Material provided ->
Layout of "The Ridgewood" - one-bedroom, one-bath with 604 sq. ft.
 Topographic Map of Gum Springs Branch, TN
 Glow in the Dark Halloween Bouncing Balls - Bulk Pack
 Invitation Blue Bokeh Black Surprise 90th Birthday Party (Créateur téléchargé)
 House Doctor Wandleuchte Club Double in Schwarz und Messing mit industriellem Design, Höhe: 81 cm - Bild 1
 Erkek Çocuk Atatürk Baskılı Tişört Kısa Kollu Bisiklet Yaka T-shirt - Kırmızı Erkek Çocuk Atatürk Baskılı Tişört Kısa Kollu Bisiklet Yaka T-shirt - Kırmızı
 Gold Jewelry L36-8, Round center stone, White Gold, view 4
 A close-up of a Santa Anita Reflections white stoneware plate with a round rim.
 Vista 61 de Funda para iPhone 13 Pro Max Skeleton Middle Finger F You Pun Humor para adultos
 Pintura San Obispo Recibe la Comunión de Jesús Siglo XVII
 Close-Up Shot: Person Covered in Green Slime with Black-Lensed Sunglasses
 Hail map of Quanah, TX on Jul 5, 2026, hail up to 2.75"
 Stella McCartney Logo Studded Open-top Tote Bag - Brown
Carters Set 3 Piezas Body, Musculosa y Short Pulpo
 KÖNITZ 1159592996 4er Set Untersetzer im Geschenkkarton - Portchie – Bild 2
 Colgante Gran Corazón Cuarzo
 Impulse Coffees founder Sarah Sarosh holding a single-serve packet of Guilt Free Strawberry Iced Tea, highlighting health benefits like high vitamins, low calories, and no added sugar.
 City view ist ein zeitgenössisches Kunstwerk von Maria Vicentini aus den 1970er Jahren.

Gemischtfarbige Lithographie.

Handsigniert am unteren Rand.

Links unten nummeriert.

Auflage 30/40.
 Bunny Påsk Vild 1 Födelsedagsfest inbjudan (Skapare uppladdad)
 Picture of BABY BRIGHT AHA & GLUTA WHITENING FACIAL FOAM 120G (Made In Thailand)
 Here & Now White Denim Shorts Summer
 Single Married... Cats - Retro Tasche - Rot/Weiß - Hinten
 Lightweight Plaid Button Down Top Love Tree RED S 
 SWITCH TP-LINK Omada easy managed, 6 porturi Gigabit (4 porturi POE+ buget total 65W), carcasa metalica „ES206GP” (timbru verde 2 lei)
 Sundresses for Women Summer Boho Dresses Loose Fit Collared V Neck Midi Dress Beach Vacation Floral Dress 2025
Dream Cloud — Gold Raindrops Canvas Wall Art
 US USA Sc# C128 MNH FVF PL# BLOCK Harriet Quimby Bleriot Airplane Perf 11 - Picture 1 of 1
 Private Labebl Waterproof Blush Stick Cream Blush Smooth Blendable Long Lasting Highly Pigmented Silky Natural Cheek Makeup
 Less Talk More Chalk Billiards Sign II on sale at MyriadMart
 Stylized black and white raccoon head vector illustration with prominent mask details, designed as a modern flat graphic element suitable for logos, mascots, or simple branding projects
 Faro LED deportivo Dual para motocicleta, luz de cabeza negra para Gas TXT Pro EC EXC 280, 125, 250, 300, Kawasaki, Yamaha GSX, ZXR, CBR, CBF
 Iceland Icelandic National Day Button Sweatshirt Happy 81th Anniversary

Problem statement ->
Copy out only the lines running from the beginning of the data to the line with "Impulse Coffees founder", both ends included.

Output for this exercise ->
Layout of "The Ridgewood" - one-bedroom, one-bath with 604 sq. ft.
 Topographic Map of Gum Springs Branch, TN
 Glow in the Dark Halloween Bouncing Balls - Bulk Pack
 Invitation Blue Bokeh Black Surprise 90th Birthday Party (Créateur téléchargé)
 House Doctor Wandleuchte Club Double in Schwarz und Messing mit industriellem Design, Höhe: 81 cm - Bild 1
 Erkek Çocuk Atatürk Baskılı Tişört Kısa Kollu Bisiklet Yaka T-shirt - Kırmızı Erkek Çocuk Atatürk Baskılı Tişört Kısa Kollu Bisiklet Yaka T-shirt - Kırmızı
 Gold Jewelry L36-8, Round center stone, White Gold, view 4
 A close-up of a Santa Anita Reflections white stoneware plate with a round rim.
 Vista 61 de Funda para iPhone 13 Pro Max Skeleton Middle Finger F You Pun Humor para adultos
 Pintura San Obispo Recibe la Comunión de Jesús Siglo XVII
 Close-Up Shot: Person Covered in Green Slime with Black-Lensed Sunglasses
 Hail map of Quanah, TX on Jul 5, 2026, hail up to 2.75"
 Stella McCartney Logo Studded Open-top Tote Bag - Brown
Carters Set 3 Piezas Body, Musculosa y Short Pulpo
 KÖNITZ 1159592996 4er Set Untersetzer im Geschenkkarton - Portchie – Bild 2
 Colgante Gran Corazón Cuarzo
 Impulse Coffees founder Sarah Sarosh holding a single-serve packet of Guilt Free Strawberry Iced Tea, highlighting health benefits like high vitamins, low calories, and no added sugar.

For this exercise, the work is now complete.